Power Mosfets.

A power MOSFET, a semiconductor power device based on modern IC technology, can offer some unique characteristics: high gain with high breakdown voltage, low on-resistance in low voltage devices, and fast switching speed. In response to a fast-growing interest and the need for better understanding, modeling, and design techniques, this thesis is a study of many aspects of power MOSFETs. Analytical models of all components of on-resistance are developed for both linear and cellular source geometries. Lower on-resistance can result from cellular geometries. Calculated results agree with experimental data. Based on these models, a design procedure to achieve minimum on-resistance is proposed. The dimension of source regions should first be minimized. The spacing between source cells is then varied until the resistance is minimized.
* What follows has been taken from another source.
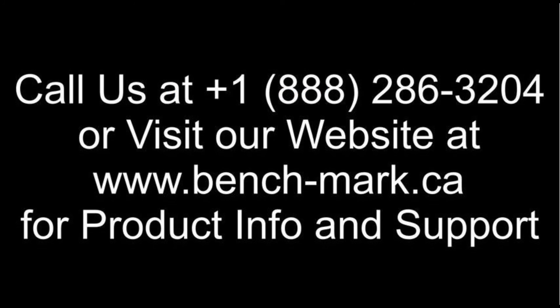That's all for today. If you've got any questions, feel free to give us a call at 1-888-286-3204 or visit our website at www.bench-mark.ca. Thanks for watching. Have a great day.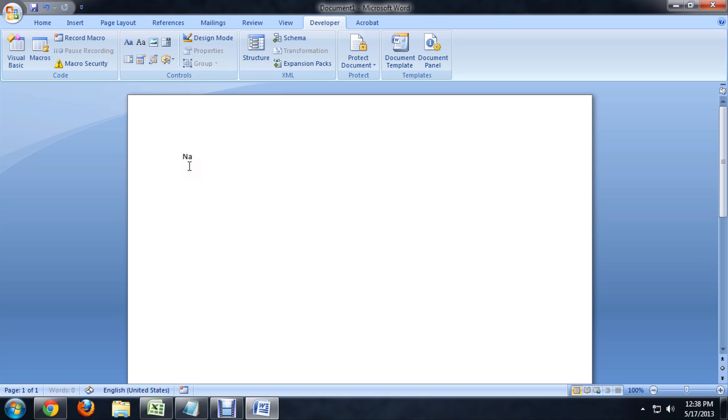So, let's say name, date of birth, and I don't know, maybe gender. Those are pretty good ones.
Inherent limits on the switching speeds and losses of vertical power MOSFETs due to the drain capacitance are analyzed. While the drain capacitance is a function of the drain voltage, it is shown that speeds can be calculated with constant average capacitance. The per-cycle switching loss is similarly analyzed. Graphs of speeds and switching losses are presented as design aids. A model for the phenomenon of second breakdown in vertical power MOSFETs involving the avalanche multiplication of the channel current, the parasitic bipolar transistor, and the MOS body bias effect is proposed. This model is compared with experiments on four-terminal V-groove test devices in which the base can be accessed independently. Good agreement is achieved between calculated and measured boundaries of the safe operating area. A novel structure of power MOSFETs is proposed for low voltage applications where the on-resistance is the main concern. Theoretical analysis shows that this structure can result in many times smaller on-resistance than conventional structures. A fabrication procedure is proposed. The critical step, i.e., the deep vertical etching of silicon, has not yet been developed.